Pope's Polish visit gets mixed reviews
29 May 2006, WARSAW - Pope Benedict XVI's call for reconciliation during his visit to Auschwitz prompted differing reactions from Polish and Jewish commentators, reports said Monday.
29 May 2006
WARSAW - Pope Benedict XVI's call for reconciliation during his visit to Auschwitz prompted differing reactions from Polish and Jewish commentators, reports said Monday.
"The pope paid a nice tribute to the ashes of those murdered, but he did not mention what is happening in the world today nor did he speak of the future," wrote Marek Edelman, the last surviving commander of the Warsaw Ghetto Uprising in the daily Gazeta Wyborcza.

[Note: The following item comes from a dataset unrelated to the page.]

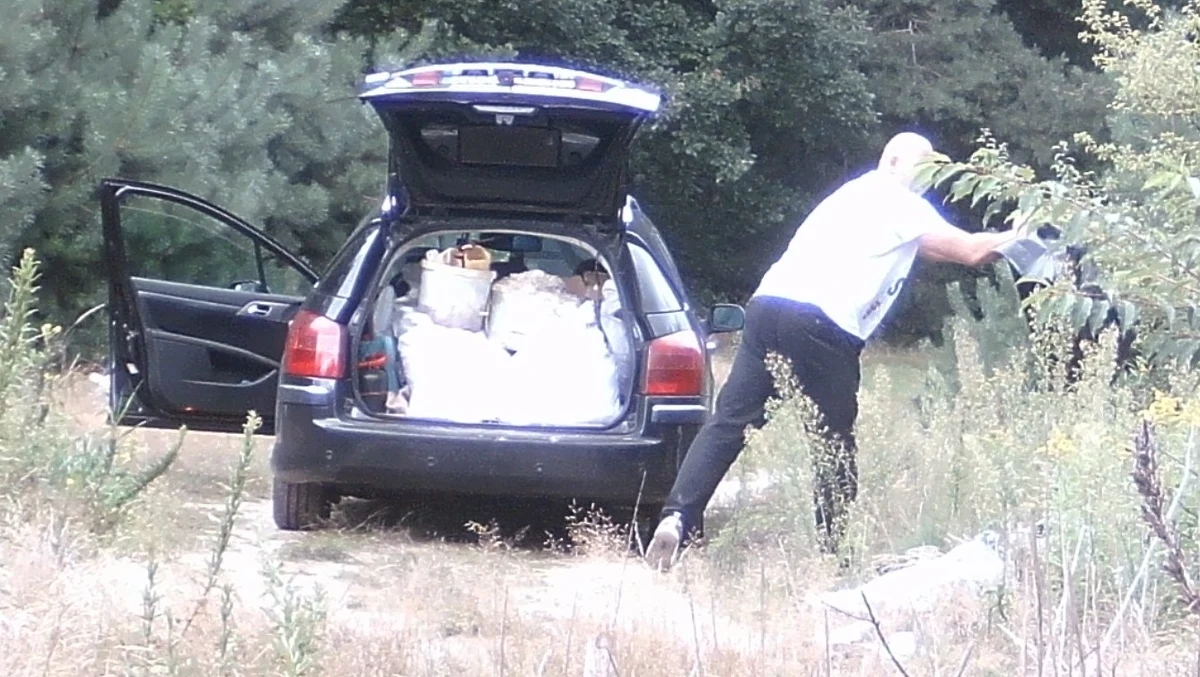 ​W Nadarzynie w lasach postawiono fotopułapki, które mają robić zdjęcia osobom, które wyrzucają tam śmieci. Jak poinformował wójt gminy, w ostatnim czasie udało się dzięki temu ukarać dwie osoby.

"While the pope had queried 'God's silence,' he would have posed other questions such as: Where was the human being then; why were people so indifferent to the crimes being committed in front of their eyes; are things different today; and has humanity learnt from the times in which God remained silent,'" Edelman wrote.
"I wish every German politician the courage that Benedict XVI showed when assessing what the German National Socialists did," wrote former Auschwitz prisoner and former foreign minister Wladyslaw Bartoszewski.
"Benedict XVI said more than could be expected in Auschwitz. Hardly any German politician would have managed so categorically to name the extent of Germany's enormous guilt in World War II," he said.
The Israeli historian, Israel Gutman, who comes from Poland, wrote: "I appreciate Benedict XVI's visit to Auschwitz," adding, "But as a former prisoner in Auschwitz and as a former resident of Poland who lost all my relatives during the war, I would have expected a different question before the pope's address - 'Why did millions of Jews lose their lives then?' God was not the only one who did not hear the screams of the murdered - the Vatican, Pius XII did not hear them either. I regret that the pope did not speak of the destructive power of anti Semitism."